Discount brokers racing to the bottom!
Take a chance and take the discount? After all, aren’t all real estate brokers the same and do the same thing? Are discount brokers a sustainable trend?
The television ads are coming fast and furious. Brokers are competing with each other to see who can get to the bottom fastest. One brokerage is saying “I’ll list your house for 1%” another stating they will do it for $3,200 regardless of listing price.
So what is going on here? What is the catch? Good questions.
I decided that I needed to research these brokers since they are my competition. The brokerages I examined are large, national or international firms. I looked at financials, their websites, reviews, and sites like Glassdoor to see what current and past employees had to say. I also called upon past experiences I have had as an agent across the table.

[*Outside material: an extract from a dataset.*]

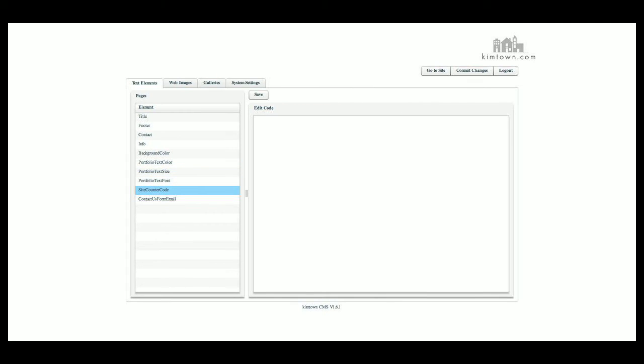This is where your stat counter, your Google Analytics, any of your site counter code would go here. Make sure you save and commit changes before you leave that page.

Magnifying the financials and Salesperson.
Looking at the financials, it appears that these firms have yet to report a bottom-line profit. I do not see projections as to when or if they will. For full disclosure, sales and market share are increasing year-over-year.

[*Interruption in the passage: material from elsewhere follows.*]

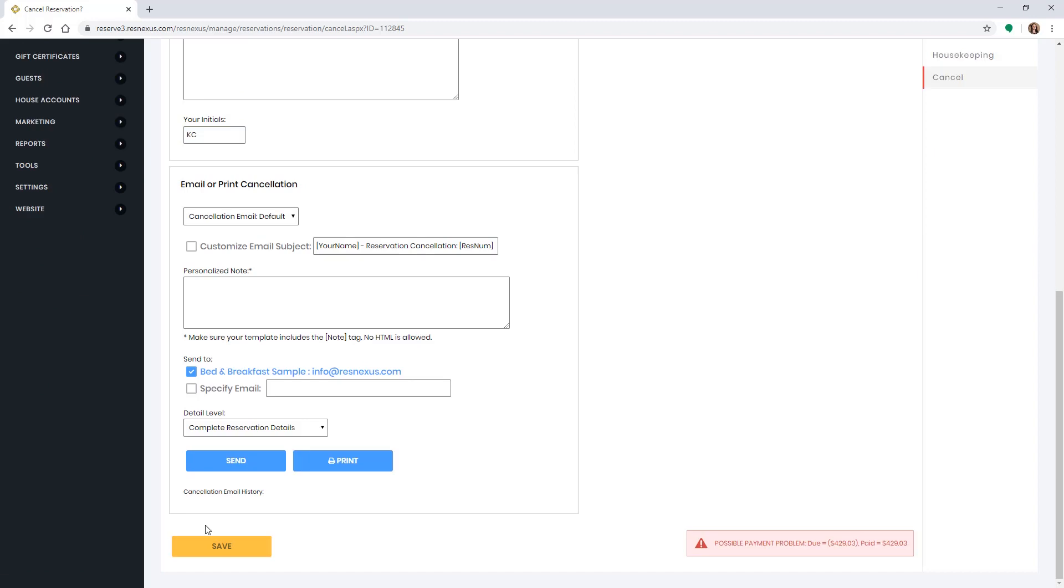If there is a deposit on the reservation, it will give you a warning at the bottom of this page. If you would like to charge a cancellation fee that will be subtracted from the voucher, you will want to go and add that retail item at this point.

The salespersons at the discount brokerages may be employees paid a weekly or monthly stipend. With each deal, they are paid additional sums either based on client surveys or some other matrix including a commission split. One company I examined pays a stipend for both the selling and buy side. Another pays an allowance on the listing side, and a commission split on the buy side that favors the company. Volume is essential to the salesperson as the stipend is not a livable wage.
A comparison would be the grocery industry, an industry I worked in for 15 years. Gross margins would hover around 1% or less, so profits rely on sales volume and lots of it to cover selling expenses. When brokerages offer discounts for their service, they too will require the same results transactions and lots of them. Unfortunately, dedicated service usually takes a back seat.
With the need for that volume, particularly for those listing agents, and the desire to get to the next deal the opposing salesperson will likely shepherd the deal to completion. The exceptions are those rare “clean” transactions.
My most recent experience with a discount broker occurred with the discount broker’s agent representing the sellers and me representing the buyers. Towards the end of the transaction, the sellers decided they needed additional time to vacate the property which was agreeable to the buyers. Looking back, I was the agent that negotiated directly with the sellers and buyers and generated all the required rental documents; the listing agent did not involve himself.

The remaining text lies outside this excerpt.